高校2年生の時、クラスの女子全員で男子全員にチョコレートをあげることにした。相談をして、当時1本10円の不二家パラソルチョコに決めた。今でもあるのかな?
当日は時間割がちょうどよく、体育だったか技術家庭だったか、男女別々の授業があり、その休み時間を利用して机の横のフックにパラソルを1本ずつかけた。黒板の端っこには
「本日、帰宅時間帯に雨の予報が出ています。傘を忘れずに」
って書いた。
その頃、バレンタインデーは「好きな子に渡す」っていう本命チョコが王道だった。だからチョコをもらったことのある男子はクラスにほんの2~3人だったと私は思っている。そんなわけで、男子達はとても喜んだ。今でもクラス会などで集まると話題になる。いったい誰のアイディアだったのか、など聞かれるけれど、何となく誰からともなく……だった。でもこれは「義理」っちゃあ「義理」なわけです。ただ、「義理チョコ」すら存在しない時代だったということです。

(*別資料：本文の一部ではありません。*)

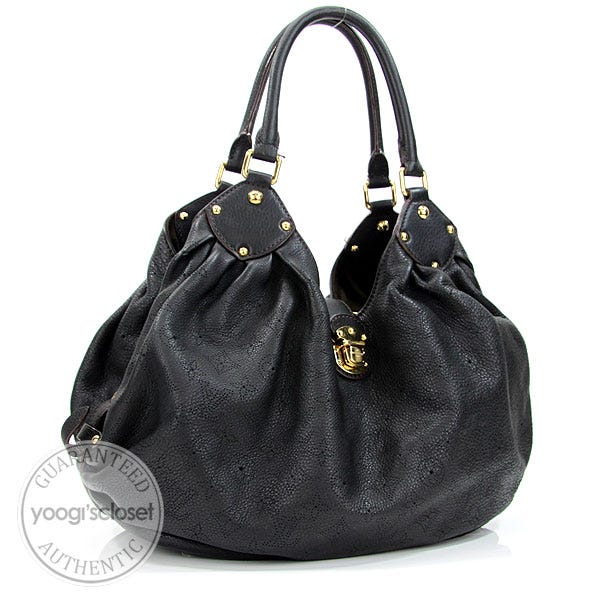 Louis Vuitton Black Mahina L Bag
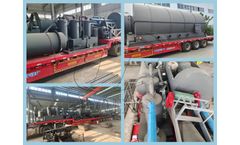 Two sets of 12TPD waste tire pyrolysis machines shipped to Togo from DOING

そして、しばらくしてから「義理チョコ」、その後「友チョコ」、最近では「ご褒美チョコ」として自らにちょっと高価なチョコを買うんだって。変化ってすごいねえ。
高校時代、恋愛に縁のなかった私に反して、弟は結構モテていたようだ。手編みのマフラーなんぞをもらったこともあったらしい。弟はその子のことをどう思っていたのかなあ。好きだったとしても当時の男子高校生、手編みのマフラーは恥ずかしくてなかなか使えなかっただろう。もしかしたら、他に気になっていた子がいたかもしれない。
ある時、母がそのマフラーを見つけてしまった。そして
「このマフラー使わないの?」
と聞き、
「ああ……」
と、イエスともノーともわからない息子の一言を聞くや否や、とっととそれをほどいて自分用にリメイクしてしまった。
「もったいない」
と言いながら。その母の天然ぶり、今でも思い出してはおかしくておかしくて。